I assumed it was something bacterial. I thought it might be trench mouth, which I had seen before on someone else. The doctor laughed at me. “Trench mouth? What’s that?”

He only knew it by the more scientific-sounding stomatitis or acute necrotizing ulcerative gingivitis. Pretty, huh? Only the older doctors in the office knew what trench mouth is.

Trench mouth — a severe gum infection — earned its name because of its prevalence among soldiers on the front lines during World War I. Although it’s less common today, trench mouth still affects thousands of young adults between the ages of 15 and 35. The disease is also known by other names, including Vincent’s stomatitis and acute necrotizing ulcerative gingivitis.

Trench mouth begins as a bacterial infection that causes inflamed, bleeding gums, but eventually, large ulcers may form on your gums and between your teeth. These are often extremely painful and can cause bad breath and a foul taste in your mouth.

Although the exact cause isn’t well understood, trench mouth seems to develop when factors such as poor oral hygiene, tobacco use and stress disrupt the balance between “good” and “bad” bacteria in your mouth.

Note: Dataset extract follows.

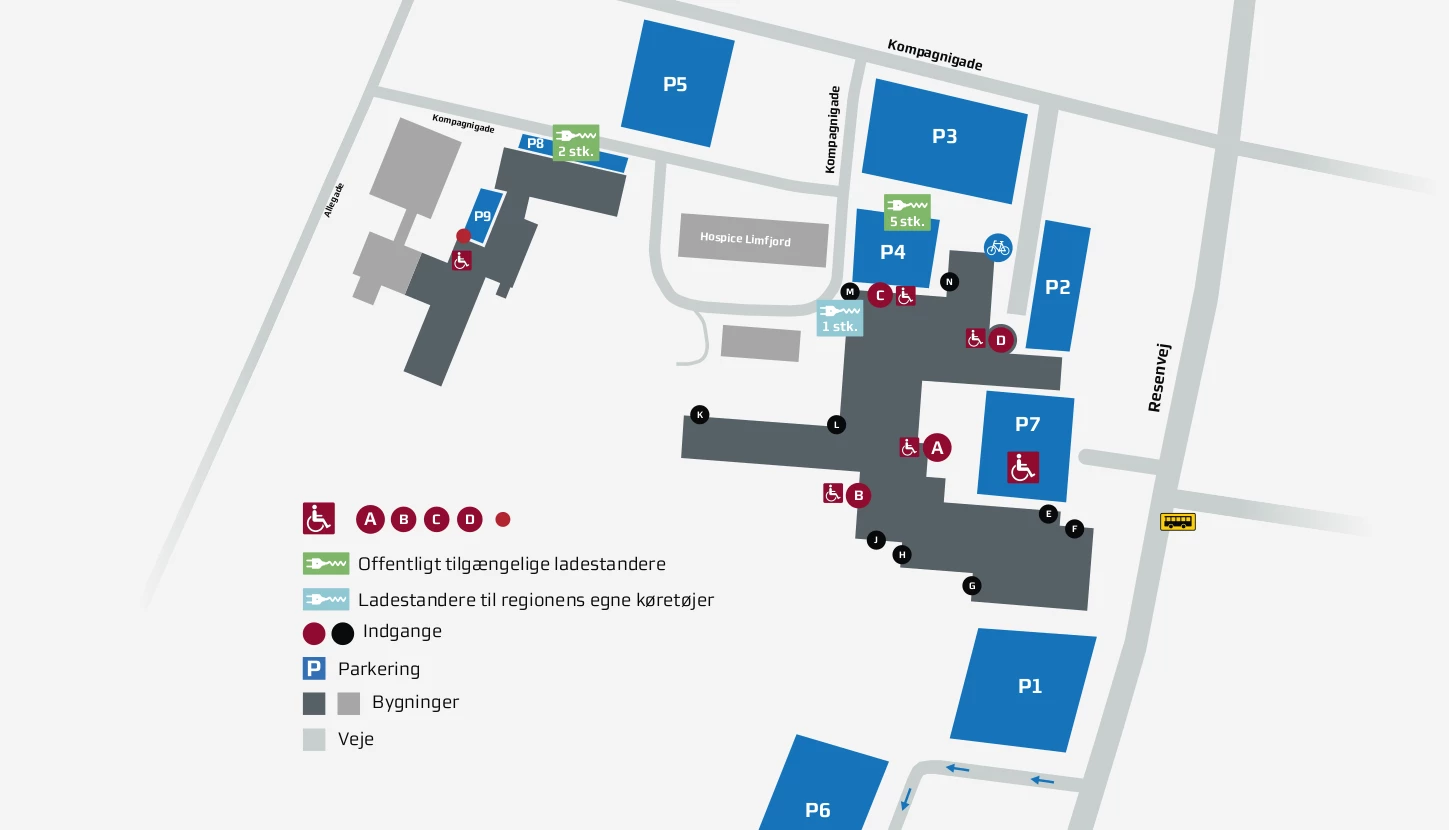 Oversigtskort over Regionshospitalet Skive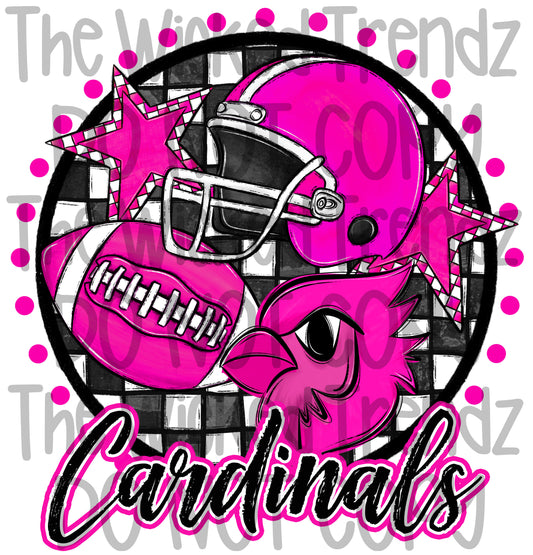 Cardinals Pink Out Football Cheer Mascot Digital Design October Awareness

They treated me for something viral with a big fat injection in the butt — one of a possible three, I was promised. Rock and roll. They also gave me antibiotics because, after four doctor’s office visits, no one was able to diagnose the problem. Every test came back negative. Every culture came back normal.

I don’t smoke. I had good oral hygiene. The cultures the doctor extracted and grew showed that there was nothing in my mouth that didn’t belong there. There was just too much of something and not enough of another, I guess. Makes sense, but what the heck could have been so stressful to so upset the balance of good and bad bugs in my mouth?

The antibiotics took effect. No more shots, thank God. The infection cleared in a day or so. Then I just had two craters of raw tissue on the roof of my mouth to heal, hyper-sensitive teeth, and no prospects of using toothpaste in the near future.

My biggest problem, actually, is that I can’t play rugby, because I can’t wear my mouth guard.

At least I’m back to solid food again.